↓
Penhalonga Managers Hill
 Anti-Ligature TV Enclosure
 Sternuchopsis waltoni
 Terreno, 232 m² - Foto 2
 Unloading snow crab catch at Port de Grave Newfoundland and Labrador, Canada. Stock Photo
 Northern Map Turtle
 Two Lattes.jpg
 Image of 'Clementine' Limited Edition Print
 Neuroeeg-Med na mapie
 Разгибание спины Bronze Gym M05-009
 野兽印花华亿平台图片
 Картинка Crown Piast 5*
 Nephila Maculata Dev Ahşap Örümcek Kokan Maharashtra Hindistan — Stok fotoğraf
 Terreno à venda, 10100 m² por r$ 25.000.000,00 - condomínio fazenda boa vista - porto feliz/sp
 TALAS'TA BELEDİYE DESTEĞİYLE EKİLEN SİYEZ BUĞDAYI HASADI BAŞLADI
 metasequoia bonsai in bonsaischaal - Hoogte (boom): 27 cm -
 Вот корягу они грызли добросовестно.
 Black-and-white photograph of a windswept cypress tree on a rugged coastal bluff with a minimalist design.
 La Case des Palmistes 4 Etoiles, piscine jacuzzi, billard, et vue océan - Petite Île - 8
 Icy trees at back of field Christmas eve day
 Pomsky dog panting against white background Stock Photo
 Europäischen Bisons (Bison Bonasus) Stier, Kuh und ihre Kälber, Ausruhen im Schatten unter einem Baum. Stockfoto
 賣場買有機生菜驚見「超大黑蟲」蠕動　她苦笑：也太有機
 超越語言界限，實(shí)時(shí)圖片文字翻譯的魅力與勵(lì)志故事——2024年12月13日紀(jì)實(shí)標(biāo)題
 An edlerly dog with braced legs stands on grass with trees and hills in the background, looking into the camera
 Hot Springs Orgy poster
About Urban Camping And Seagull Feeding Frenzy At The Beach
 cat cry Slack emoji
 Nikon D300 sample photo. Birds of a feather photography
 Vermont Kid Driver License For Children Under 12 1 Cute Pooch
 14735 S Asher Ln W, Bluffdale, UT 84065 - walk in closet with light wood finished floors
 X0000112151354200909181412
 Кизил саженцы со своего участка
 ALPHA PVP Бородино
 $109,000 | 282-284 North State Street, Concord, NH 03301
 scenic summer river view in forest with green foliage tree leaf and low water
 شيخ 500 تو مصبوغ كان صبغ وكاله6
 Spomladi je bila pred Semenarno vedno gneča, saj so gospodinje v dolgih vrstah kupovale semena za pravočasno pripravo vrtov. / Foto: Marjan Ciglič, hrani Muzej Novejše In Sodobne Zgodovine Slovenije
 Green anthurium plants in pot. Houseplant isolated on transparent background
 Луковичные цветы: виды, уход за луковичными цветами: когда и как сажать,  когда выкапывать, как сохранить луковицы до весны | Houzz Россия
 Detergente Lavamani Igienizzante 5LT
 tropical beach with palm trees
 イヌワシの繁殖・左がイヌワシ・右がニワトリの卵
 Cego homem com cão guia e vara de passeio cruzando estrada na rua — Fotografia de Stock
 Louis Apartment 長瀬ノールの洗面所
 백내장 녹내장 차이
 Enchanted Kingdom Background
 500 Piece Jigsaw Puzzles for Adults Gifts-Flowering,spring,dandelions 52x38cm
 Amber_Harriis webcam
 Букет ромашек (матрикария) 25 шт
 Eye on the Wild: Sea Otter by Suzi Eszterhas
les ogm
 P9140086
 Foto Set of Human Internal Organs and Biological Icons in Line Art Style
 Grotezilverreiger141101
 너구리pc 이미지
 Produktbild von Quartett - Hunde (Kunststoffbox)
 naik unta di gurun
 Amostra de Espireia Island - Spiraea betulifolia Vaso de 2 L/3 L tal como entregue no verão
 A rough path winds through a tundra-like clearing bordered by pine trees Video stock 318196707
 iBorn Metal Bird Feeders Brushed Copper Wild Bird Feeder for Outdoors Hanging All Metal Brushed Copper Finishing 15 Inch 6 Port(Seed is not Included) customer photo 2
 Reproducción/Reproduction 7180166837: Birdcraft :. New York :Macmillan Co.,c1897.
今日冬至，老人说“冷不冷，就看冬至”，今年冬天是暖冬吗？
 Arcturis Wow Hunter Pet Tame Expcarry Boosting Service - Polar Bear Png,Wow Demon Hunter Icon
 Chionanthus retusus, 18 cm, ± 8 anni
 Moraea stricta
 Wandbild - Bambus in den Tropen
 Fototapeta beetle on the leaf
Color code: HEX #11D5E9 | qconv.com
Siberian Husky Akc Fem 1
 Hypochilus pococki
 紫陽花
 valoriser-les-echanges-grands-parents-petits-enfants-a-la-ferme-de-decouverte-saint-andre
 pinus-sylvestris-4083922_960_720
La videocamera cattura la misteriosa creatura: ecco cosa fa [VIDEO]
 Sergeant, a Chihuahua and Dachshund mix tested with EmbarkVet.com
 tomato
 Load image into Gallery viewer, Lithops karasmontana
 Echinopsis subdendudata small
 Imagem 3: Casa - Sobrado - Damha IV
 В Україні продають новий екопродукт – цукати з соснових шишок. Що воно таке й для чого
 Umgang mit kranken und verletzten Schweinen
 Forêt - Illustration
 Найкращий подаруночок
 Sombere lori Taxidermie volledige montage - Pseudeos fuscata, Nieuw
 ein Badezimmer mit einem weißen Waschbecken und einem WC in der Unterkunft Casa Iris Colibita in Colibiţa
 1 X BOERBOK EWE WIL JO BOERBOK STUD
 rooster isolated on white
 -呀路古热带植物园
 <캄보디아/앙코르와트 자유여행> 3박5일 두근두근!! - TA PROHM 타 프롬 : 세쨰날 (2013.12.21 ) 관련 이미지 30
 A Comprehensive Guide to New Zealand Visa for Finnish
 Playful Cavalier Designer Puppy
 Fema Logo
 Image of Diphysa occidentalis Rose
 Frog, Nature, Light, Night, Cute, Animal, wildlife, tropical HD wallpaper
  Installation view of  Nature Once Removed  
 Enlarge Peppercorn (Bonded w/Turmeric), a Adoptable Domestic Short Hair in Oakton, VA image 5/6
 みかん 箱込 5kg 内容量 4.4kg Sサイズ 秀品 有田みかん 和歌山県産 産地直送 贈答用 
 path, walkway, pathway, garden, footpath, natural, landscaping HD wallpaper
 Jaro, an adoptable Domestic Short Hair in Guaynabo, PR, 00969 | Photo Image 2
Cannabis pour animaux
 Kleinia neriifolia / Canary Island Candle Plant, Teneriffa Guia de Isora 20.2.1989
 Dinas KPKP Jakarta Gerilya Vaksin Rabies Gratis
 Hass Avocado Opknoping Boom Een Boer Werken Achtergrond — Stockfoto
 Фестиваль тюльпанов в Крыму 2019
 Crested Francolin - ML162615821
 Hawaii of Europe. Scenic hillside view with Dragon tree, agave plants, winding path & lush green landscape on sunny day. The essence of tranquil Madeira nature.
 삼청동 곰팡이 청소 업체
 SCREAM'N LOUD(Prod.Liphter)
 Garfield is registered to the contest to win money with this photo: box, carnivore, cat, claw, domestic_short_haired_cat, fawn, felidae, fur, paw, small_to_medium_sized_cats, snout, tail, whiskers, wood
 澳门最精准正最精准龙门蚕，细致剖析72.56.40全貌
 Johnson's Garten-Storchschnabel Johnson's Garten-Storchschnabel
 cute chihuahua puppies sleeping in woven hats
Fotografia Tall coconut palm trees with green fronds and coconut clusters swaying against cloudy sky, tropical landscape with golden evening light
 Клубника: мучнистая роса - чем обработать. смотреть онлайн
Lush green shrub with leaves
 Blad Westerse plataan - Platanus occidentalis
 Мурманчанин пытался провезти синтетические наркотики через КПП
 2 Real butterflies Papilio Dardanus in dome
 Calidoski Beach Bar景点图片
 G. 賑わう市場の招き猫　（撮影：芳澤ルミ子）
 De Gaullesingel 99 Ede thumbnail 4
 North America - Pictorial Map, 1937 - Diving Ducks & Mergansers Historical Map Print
↑
» **PROBLEM DESCRIPTION**: Look above for the line that holds "Blad Westerse plataan", then copy it and each line after it exactly, through the last line of the data.

» **EXERCISE RESULT**:
 Blad Westerse plataan - Platanus occidentalis
 Мурманчанин пытался провезти синтетические наркотики через КПП
 2 Real butterflies Papilio Dardanus in dome
 Calidoski Beach Bar景点图片
 G. 賑わう市場の招き猫　（撮影：芳澤ルミ子）
 De Gaullesingel 99 Ede thumbnail 4
 North America - Pictorial Map, 1937 - Diving Ducks & Mergansers Historical Map Print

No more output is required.